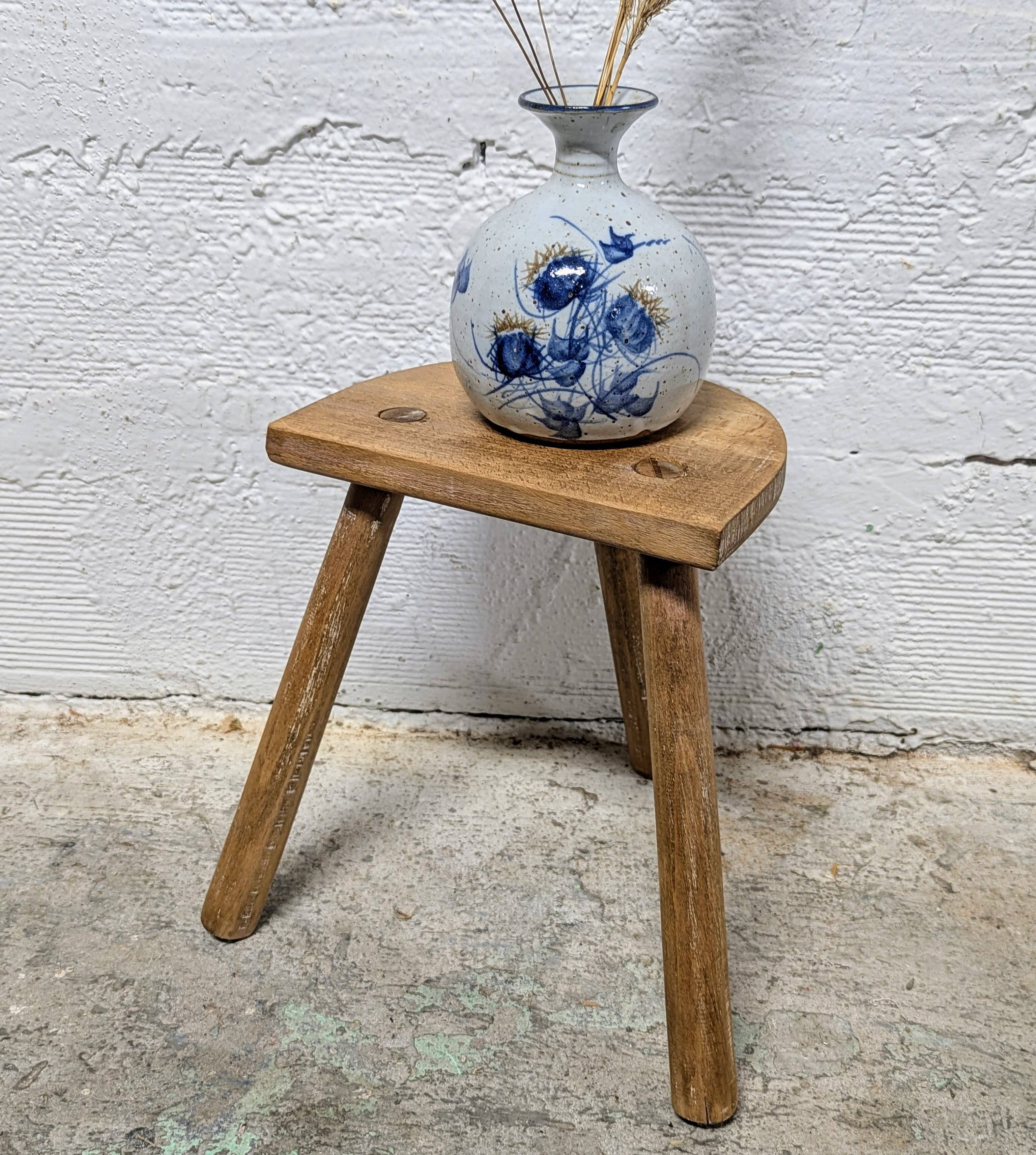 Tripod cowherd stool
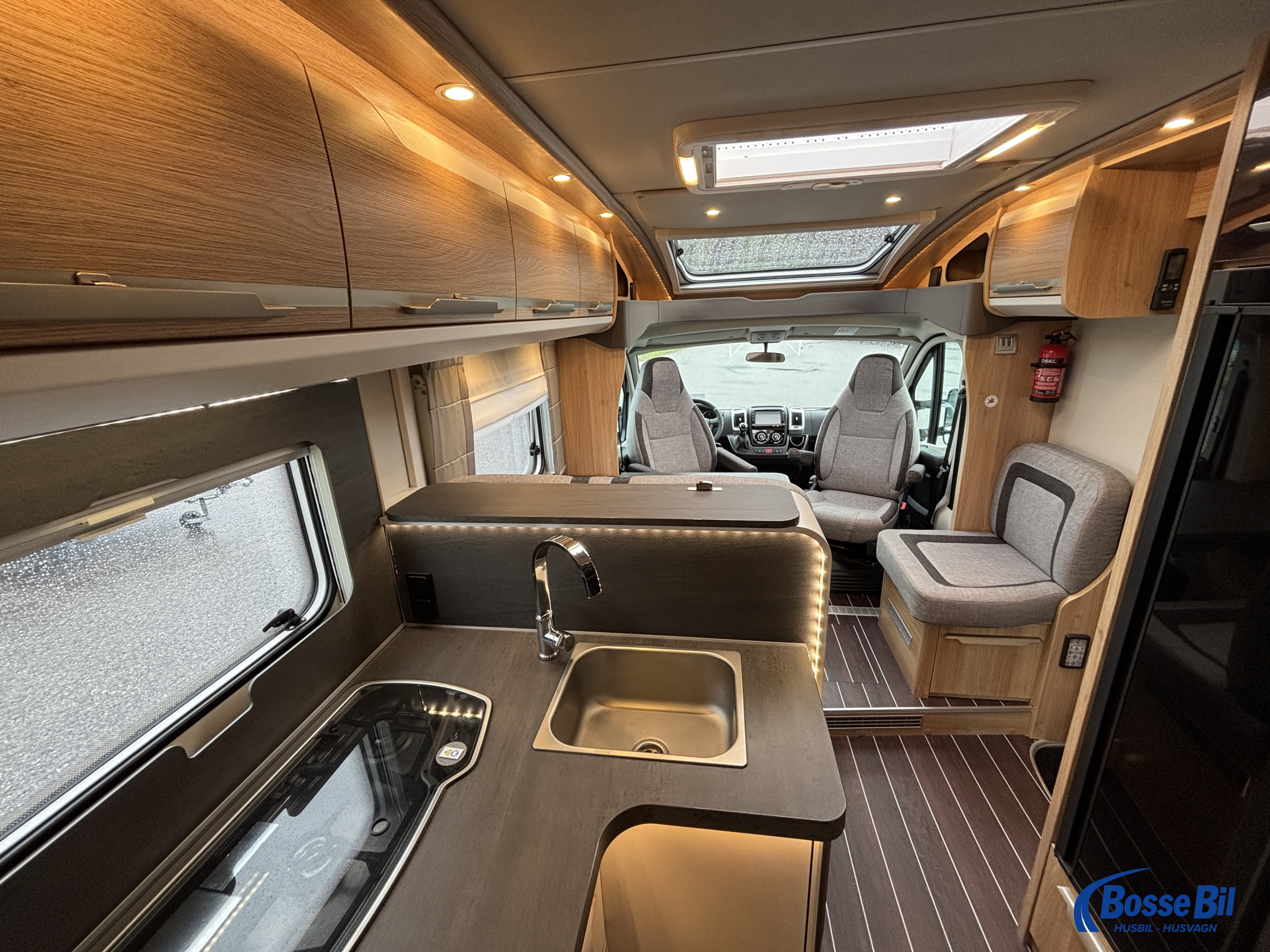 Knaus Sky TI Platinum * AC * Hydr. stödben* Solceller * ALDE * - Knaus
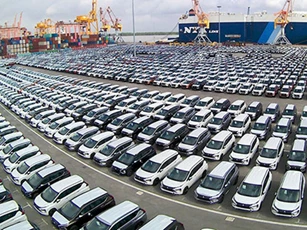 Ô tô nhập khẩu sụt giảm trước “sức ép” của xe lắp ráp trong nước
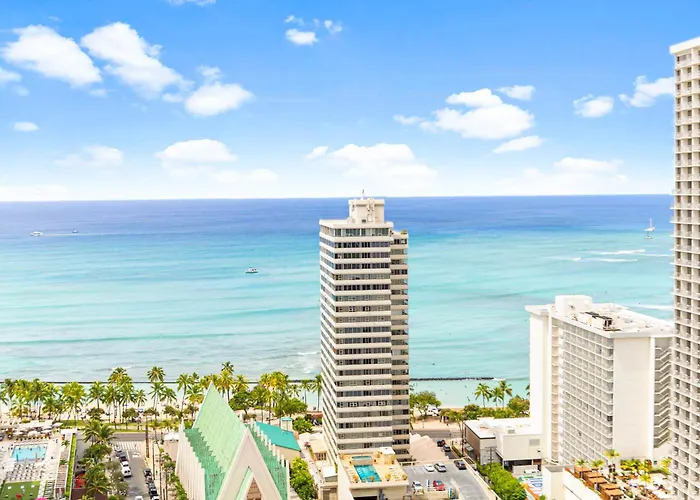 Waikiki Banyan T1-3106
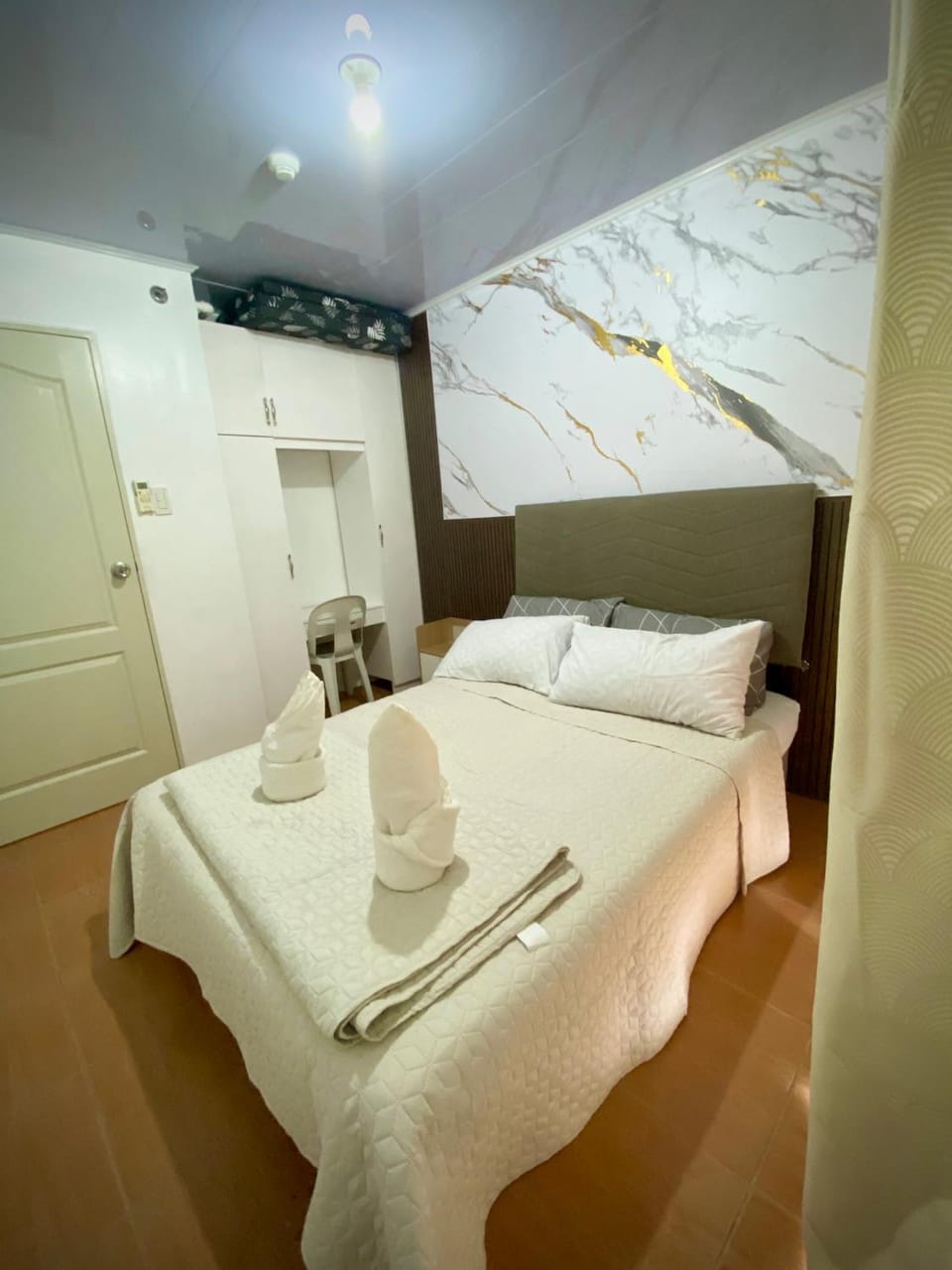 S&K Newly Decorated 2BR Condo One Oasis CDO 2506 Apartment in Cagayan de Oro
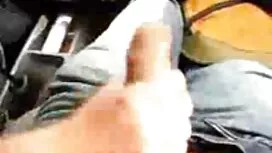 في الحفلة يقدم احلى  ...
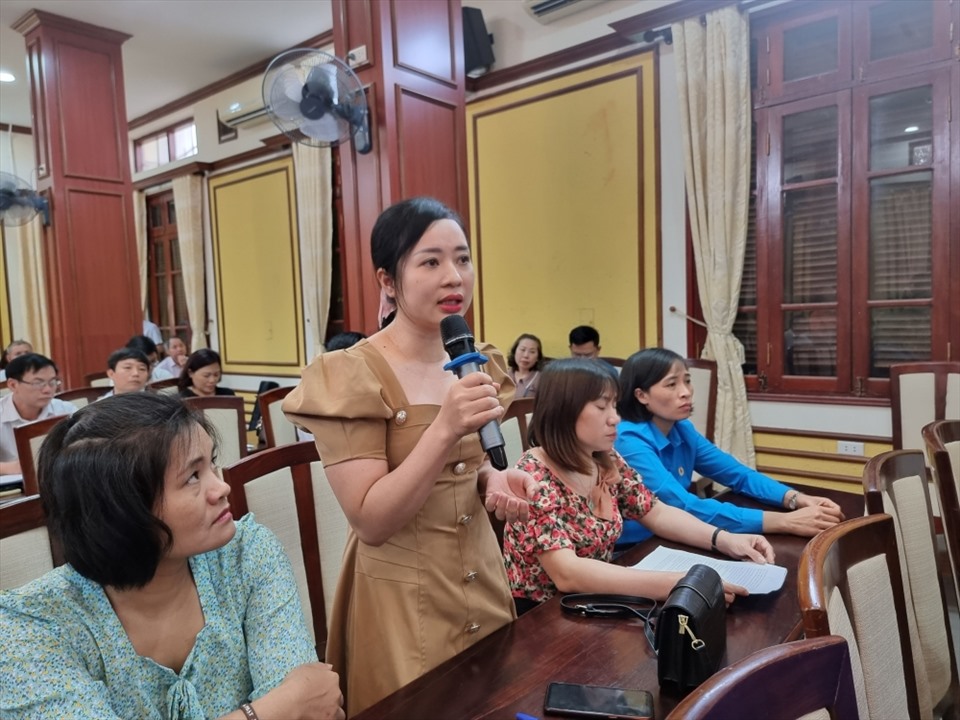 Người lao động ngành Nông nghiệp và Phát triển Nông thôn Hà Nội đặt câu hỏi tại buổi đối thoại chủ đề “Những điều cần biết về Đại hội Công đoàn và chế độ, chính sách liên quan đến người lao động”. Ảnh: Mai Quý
---+---
◆ AIM OF THE TASK
Set down the entire material verbatim, with each picture left out.

◆ EXERCISE ANSWER
 Tripod cowherd stool
 Knaus Sky TI Platinum * AC * Hydr. stödben* Solceller * ALDE * - Knaus
 Ô tô nhập khẩu sụt giảm trước “sức ép” của xe lắp ráp trong nước
 Waikiki Banyan T1-3106
 S&K Newly Decorated 2BR Condo One Oasis CDO 2506 Apartment in Cagayan de Oro
 في الحفلة يقدم احلى  ...
 Người lao động ngành Nông nghiệp và Phát triển Nông thôn Hà Nội đặt câu hỏi tại buổi đối thoại chủ đề “Những điều cần biết về Đại hội Công đoàn và chế độ, chính sách liên quan đến người lao động”. Ảnh: Mai Quý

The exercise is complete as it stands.